I loved to wait for you and the part of running towards you to welcome you were my favourite. How I would run towards you with my little voice saying the same word, ‘daddy’. You would lift me up with you strong hands and put me on your shoulders – that was my second favourite place to be, after sitting on your lap. I would wait for you to come back home every day.
One day you left and I waited for you to come, but you didn’t show up. I asked mom and she said you were coming. It gave me hope and I waited for you, until days became weeks, weeks became months and months became years. I was older then. I began to perceive things from a different level. I could see the struggle mom faced in order to dress and put food on the table.

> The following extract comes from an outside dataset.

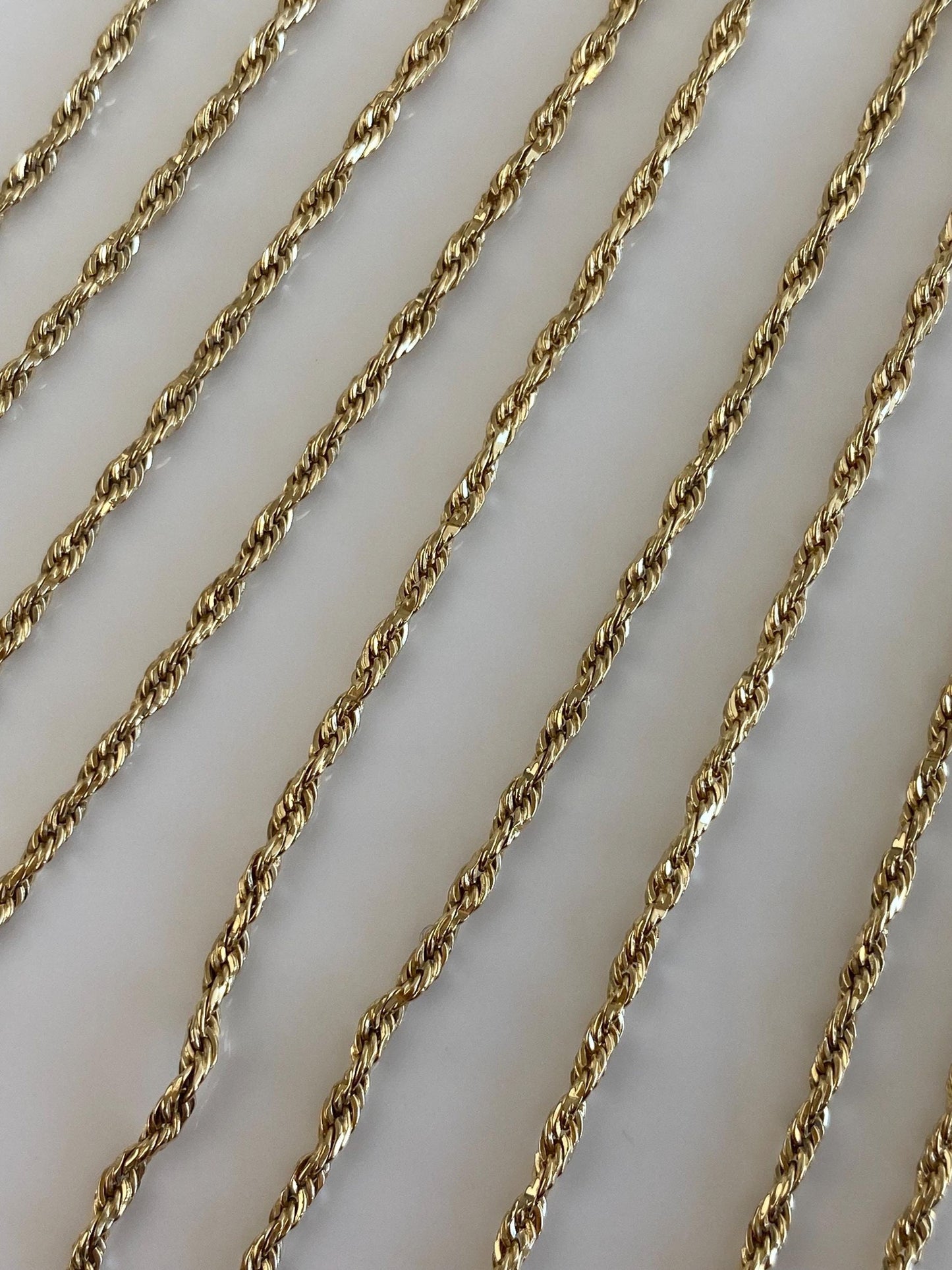 Vintage Solid 14k Yellow Gold Long Slim Rope Chain Necklace - 36.25 inches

Those long hours of working different jobs, we were a nuclear family but it turned into a single parent family. Mom had to let us go live with my aunties and grandparents, hiding us from the view of seeing how she worked in order to make money to raise us up and cater for every basic need.
Her soft hands are now hard and I could see the sadness in her eyes. It brings tears to my eyes every time I touched her hands when I went to see her every December holiday. I would write to Santa to bring back daddy wherever he was, so that maybe mom and my sisters would be happy again, but Santa didn’t give me my present.
I hated myself because I looked just like you. I thought about what mom thinks every time she looks at me – she saw you in me because I did almost everything you did. The thought of it caused me to make a decision to take my own life. I thought I was bringing pain to my mom. She cried at my first attempt, telling me that she loves me. I don’t know how, but she knows my every thought. And nothing hurts me more than seeing my mom cry, so I had to live with your face.
I hated you dad. I hated myself more for being just like you because I thought you went for good and didn’t care about us. Mom told me we didn’t know what you were going through and what was keeping you away from coming back home sooner. There was no way for you to communicate and we only learnt this when we were older.
I learnt of how hard-working you’ve been, trying to make money to feed and cater for every need we faced when you returned. You even lost an eye and a hand ,but still that didn’t pin you to the ground and stopped you from working. Despite your disability you worked.
I’m caught up in a mixture of real and fake. People pretending to: love when they actually hate, to care when they actually don’t, wolves wearing sheep’s skins, which take advantage of your kindness and you die at their paws with razor sharp blades. But I’ve also seen people that turned hate into love, chaos turning into peace, a persecutor becoming disciple and angels turning poison into a cure. I can feel the pain and you yearning to see us and understand that not everything will always go as planned.
I love you dad and welcome you back home.